85 kms, height gained 1754m height lost 2276m

What goes up must come down and getting closer to the north coast of Spain we are finally beginning to surrender height we've held onto for the last 10 days. Crossing the Cantabrian Mountains, from Castile y León into Asturias, today's numbers look impressive. But in fact the day turned out to be relatively easy, a long way from the nightmare I was anticipating.


I spent most of yesterday's rest day in Leon worrying about today. The climb looked tough, there are few significant places to hang out, and the weather forecast was dreadful. We have become regular consumers of Spanish weather forecasts and the only conclusion you could draw from last night's was that the chances of significant rain with thunder today were high and it would get worse as we climbed. The only thing that gave us a glimmer of hope was that it was supposed to rain in León and didn't so perhaps the forecasts were a bit on the negative side. The Ruta Vía de la Plata website was also off-putting about this stretch of the route. As well as a massive climb and lightening they had me worrying about tunnels and lorries


Anyway it was fine if overcast this morning and Christine ruled that getting the bus wasn't an option. She wanted to rise to the challenge come what may. Filling out stomachs with a huge breakfast we bid our Parador farewell at 9am, left the peregrinos behind, and committed to a climb up the mountains.

Base camp was an industrial town called La Robla, 25 kms north of León and the point at which we joined the N630. Getting there was a doddle, on a quiet road following the River X. After La Robla we started the no-going-back climb as there wasn't much in the way of settlements between La Robla and the pass. The good news was that the pass was only 33kms away, the bad news was that we hadn't really noticed any of the climb we'd been promised so it must be all up ahead.

The N630 didn't let us down and the road was excellent, beautifully graded, and neither of us got anywhere near our low gears. Also there weren't that many lorries, nothing like the day before yesterday on the run into León. The other advertised hazard, the tunnels, were another lion that didn't roar as they were short and reasonably well illuminated (although scarily noisy if you were sharing them with a vehicle).

The scenery as we climbed on and up the valley just got better and better. There was some interesting industrial archaeology, with old coal workings and a railway line. The vegetation changed from limey green willows in bud in the valley bottom, through plane and chestnut trees, then mountain ash and birch in bud, then scrub, and then we were in rough grazing above the tree line and in proper mountains.

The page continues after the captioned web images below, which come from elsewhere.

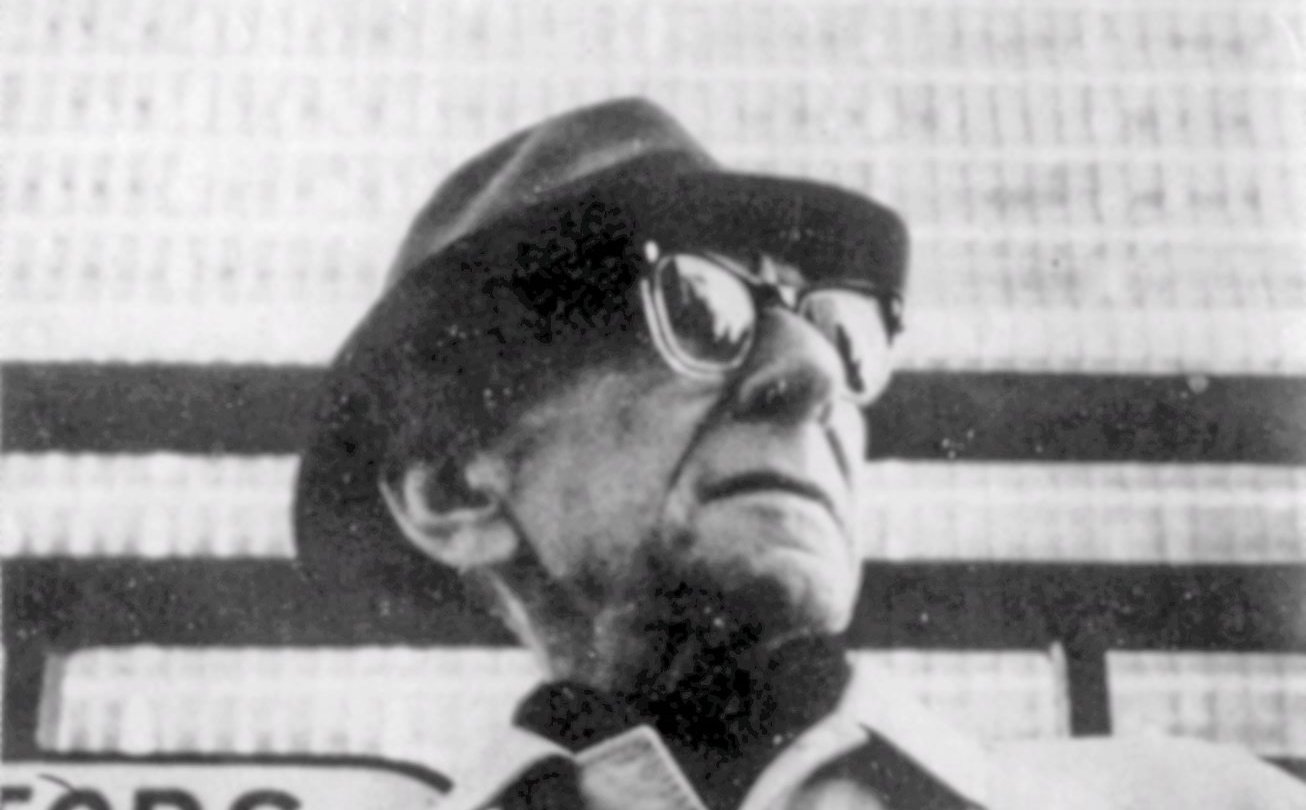 Reymont i Słonimski. Czy na pewno wszystko ich dzieli?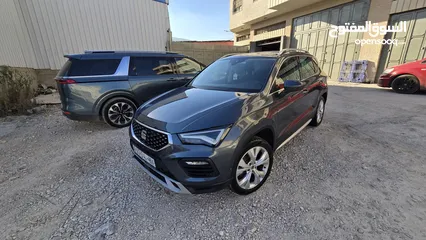  26 اتيكا فحص وكالة 2021 كامل ماعدى الفتحة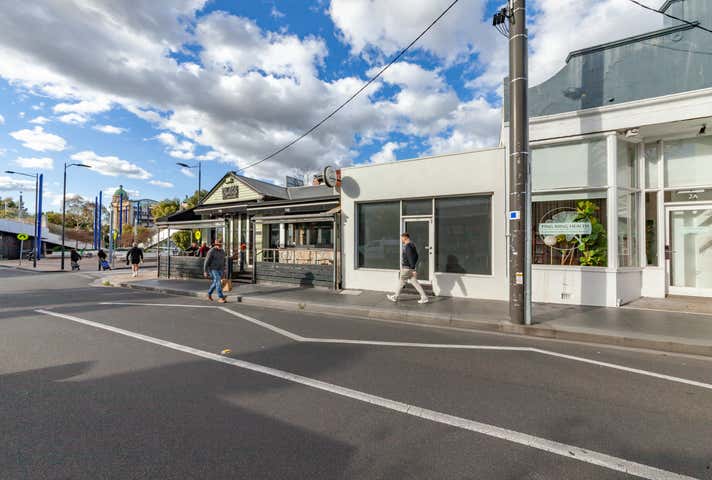 4a Izett Street Prahran VIC 3181 - Image 25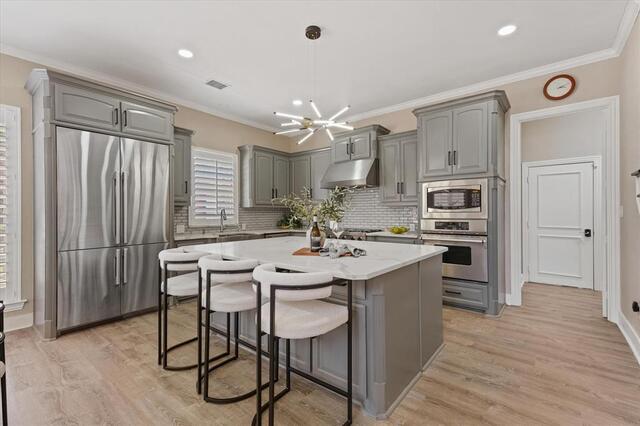 2601 Sir Gawain, Lane Lewisville, TX photo 9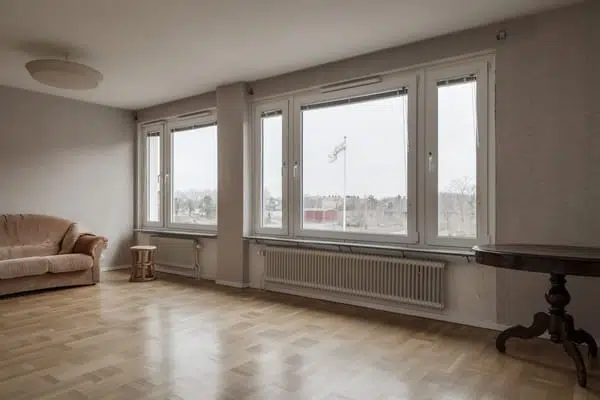 Bild 1 av 33 på Parkgatan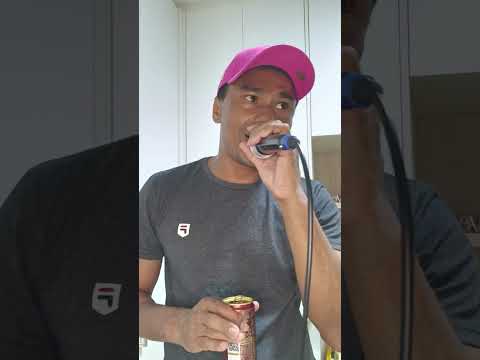 vestidinho preto #goiás #musica #nordeste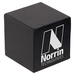 Custom Cube Stress Balls
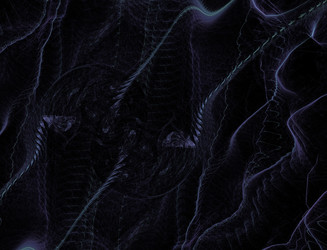 Similar image 22198798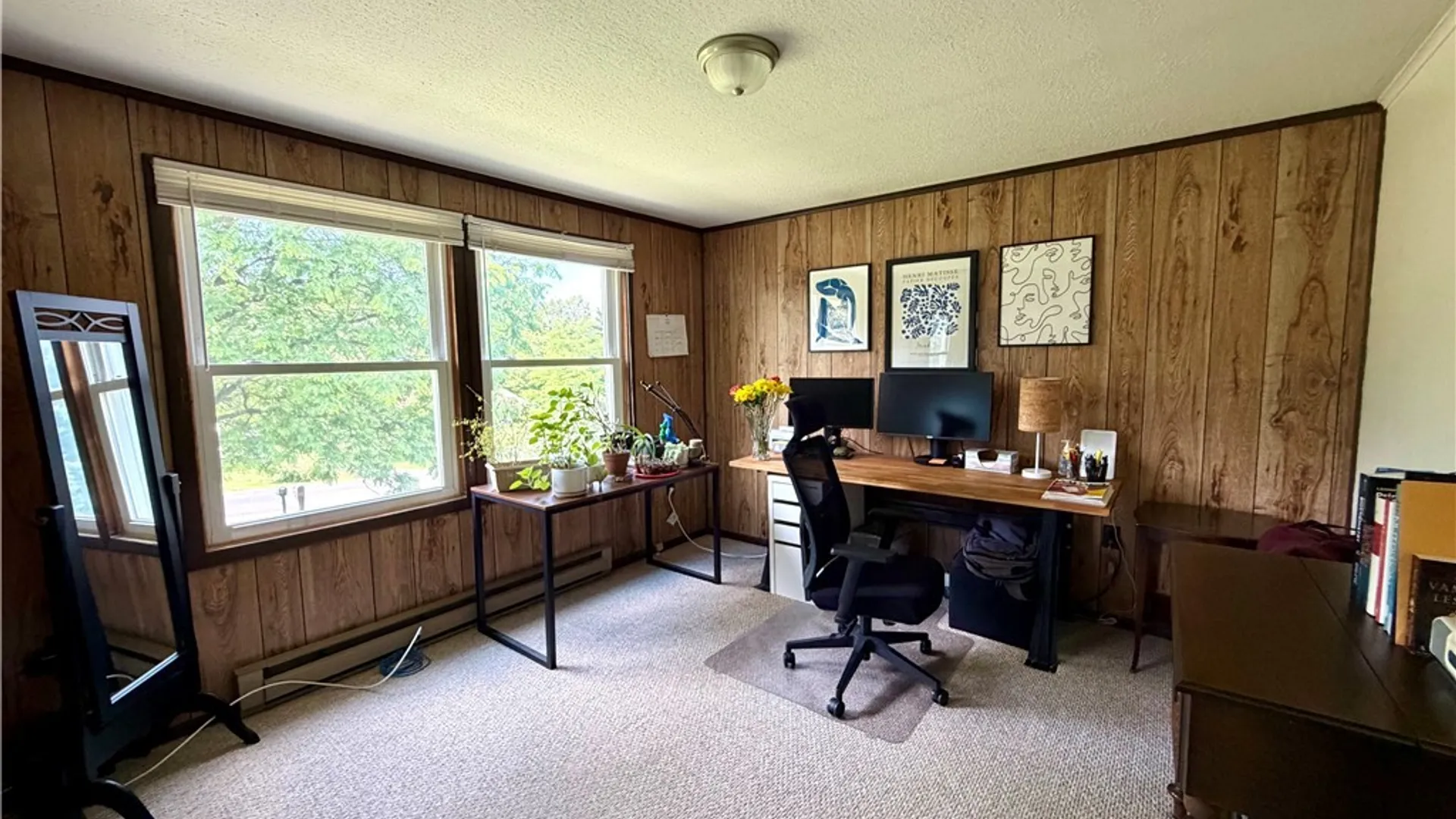 Property at 3 Knollwood Drive, Dryden, NY 13068 15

As we got higher the hillsides were covered in purple heather in flower.


The biggest and best surprise was the views from the pass itself. We were presented with a particularly beautiful range of mountains with dramatic snow covered jagged peaks and gorgeous deep green valley.



Then came the descent. We dropped 1000m in 23k with the gradient hitting 17% in places. It was a thrilling ride enhanced by the dramatic change in climate as we moved from the dry 'continental' side of the mountains to the lush maritime side. We are now in Green Spain and you don't need to be a genius to work out how it got its name.

All good things come to an end. The road eventually levelled out and in Camourans we went looking for a restaurant. A local cyclist warned us off our first choice and 100 metres later we saw a building surrounded by cars and vans and knew we had struck gold. Lunch was immense, tasty and plentiful wholesome food, exactly the thing to celebrate the near end of an epic trip. As we sat down the heavens opened up and we found ourselves inside a packed restaurant for nearly two hours enjoying lunch. What a day!